---------- Task data ----------

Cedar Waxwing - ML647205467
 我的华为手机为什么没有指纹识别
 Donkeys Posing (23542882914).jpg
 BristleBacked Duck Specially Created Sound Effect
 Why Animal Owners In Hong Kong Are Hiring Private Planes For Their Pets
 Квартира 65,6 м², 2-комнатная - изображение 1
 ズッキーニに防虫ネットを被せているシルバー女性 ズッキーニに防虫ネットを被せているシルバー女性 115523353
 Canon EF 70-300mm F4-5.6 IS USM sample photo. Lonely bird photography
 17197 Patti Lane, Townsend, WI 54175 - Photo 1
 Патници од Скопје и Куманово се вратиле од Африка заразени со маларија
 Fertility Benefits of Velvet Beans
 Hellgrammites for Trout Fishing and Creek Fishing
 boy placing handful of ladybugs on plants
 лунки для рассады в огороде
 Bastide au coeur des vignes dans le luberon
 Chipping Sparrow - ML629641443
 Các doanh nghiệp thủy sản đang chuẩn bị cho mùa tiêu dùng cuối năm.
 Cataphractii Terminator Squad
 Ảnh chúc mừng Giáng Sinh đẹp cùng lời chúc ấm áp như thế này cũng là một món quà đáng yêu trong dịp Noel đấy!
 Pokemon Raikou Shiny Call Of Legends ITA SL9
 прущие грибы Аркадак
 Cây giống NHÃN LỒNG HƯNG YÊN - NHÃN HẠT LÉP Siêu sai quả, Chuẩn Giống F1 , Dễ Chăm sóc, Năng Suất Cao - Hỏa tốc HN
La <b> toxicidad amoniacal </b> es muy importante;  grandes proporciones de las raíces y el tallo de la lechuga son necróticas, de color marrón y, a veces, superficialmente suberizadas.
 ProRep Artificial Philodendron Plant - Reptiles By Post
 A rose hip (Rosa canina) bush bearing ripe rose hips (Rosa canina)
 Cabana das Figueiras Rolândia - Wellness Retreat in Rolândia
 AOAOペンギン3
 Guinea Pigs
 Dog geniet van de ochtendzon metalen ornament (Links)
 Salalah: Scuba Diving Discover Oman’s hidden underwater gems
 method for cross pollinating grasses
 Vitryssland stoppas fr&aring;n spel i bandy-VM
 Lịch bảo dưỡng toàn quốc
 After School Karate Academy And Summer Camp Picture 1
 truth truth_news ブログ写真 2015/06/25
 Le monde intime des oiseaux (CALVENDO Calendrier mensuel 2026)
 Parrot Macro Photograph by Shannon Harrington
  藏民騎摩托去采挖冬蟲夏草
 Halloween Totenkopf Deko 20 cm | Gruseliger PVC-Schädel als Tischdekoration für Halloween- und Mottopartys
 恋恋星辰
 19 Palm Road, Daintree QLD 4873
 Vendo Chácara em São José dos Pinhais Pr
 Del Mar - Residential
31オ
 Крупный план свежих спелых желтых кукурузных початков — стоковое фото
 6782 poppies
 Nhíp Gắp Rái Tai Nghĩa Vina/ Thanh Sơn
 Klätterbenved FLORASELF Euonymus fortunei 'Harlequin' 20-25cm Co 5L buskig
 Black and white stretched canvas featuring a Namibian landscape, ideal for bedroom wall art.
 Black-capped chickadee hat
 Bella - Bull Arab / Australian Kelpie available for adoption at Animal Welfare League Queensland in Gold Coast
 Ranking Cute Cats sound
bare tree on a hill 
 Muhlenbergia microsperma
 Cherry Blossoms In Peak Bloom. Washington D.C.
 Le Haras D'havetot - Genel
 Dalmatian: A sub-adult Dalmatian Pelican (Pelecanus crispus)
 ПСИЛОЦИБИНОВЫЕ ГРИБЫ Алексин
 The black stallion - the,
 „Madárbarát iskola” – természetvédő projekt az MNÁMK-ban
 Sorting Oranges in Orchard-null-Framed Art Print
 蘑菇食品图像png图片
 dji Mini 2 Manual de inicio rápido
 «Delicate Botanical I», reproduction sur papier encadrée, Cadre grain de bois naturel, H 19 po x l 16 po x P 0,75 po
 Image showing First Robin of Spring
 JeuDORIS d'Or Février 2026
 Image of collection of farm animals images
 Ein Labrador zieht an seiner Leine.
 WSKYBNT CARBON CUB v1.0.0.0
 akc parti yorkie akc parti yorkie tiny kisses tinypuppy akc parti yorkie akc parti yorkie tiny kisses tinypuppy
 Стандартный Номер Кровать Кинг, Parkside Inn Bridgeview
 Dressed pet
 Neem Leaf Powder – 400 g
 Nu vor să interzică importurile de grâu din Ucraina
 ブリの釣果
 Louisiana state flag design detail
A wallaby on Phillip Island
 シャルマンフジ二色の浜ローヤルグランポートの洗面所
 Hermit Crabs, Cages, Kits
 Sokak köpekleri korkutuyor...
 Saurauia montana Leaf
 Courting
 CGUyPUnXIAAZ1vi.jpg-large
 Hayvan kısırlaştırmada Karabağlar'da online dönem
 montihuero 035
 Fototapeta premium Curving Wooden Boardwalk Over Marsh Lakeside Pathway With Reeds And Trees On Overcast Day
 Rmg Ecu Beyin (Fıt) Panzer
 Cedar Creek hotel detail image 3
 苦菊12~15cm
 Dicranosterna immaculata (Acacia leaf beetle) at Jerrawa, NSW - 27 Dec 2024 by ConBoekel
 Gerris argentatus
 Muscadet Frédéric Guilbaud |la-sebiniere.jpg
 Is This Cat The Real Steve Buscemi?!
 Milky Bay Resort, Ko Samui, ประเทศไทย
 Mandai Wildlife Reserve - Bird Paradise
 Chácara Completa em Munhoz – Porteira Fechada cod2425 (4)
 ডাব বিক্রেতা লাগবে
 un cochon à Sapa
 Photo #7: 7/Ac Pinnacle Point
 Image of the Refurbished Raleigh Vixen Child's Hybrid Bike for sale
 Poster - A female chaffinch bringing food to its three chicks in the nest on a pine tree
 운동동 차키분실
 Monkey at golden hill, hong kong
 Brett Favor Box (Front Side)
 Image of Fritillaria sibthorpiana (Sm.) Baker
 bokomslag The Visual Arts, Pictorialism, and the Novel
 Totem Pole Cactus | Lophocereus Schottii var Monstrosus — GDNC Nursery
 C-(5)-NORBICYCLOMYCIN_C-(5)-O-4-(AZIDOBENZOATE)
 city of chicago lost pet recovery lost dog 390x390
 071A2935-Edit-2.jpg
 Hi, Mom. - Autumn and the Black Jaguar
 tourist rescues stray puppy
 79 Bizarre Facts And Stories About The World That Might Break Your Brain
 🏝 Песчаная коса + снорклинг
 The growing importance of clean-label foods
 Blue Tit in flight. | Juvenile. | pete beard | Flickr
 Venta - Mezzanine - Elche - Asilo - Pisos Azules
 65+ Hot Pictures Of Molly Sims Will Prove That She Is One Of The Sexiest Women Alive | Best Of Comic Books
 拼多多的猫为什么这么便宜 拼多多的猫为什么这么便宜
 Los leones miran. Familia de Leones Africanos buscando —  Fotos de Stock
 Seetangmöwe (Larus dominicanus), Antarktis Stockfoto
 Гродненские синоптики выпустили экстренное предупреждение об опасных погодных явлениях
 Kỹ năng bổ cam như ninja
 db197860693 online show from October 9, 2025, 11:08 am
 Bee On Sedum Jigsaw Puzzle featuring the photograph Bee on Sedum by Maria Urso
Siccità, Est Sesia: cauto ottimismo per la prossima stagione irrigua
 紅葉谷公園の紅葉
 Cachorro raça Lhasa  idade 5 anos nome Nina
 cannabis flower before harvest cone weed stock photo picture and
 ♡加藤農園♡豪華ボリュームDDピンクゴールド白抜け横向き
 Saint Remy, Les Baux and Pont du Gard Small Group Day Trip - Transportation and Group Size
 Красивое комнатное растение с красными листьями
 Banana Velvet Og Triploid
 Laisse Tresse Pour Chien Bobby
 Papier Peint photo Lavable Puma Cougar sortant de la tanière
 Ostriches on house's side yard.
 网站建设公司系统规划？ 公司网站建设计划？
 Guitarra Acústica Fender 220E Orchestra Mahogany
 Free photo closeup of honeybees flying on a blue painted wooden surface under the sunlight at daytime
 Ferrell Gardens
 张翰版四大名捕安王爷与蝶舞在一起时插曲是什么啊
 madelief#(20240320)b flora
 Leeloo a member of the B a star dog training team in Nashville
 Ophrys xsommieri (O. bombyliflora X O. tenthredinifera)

----------

▸ What you have to do
When a line contains the string "Velvet", copy it from the records.

▸ Output for this exercise
 Fertility Benefits of Velvet Beans
 Banana Velvet Og Triploid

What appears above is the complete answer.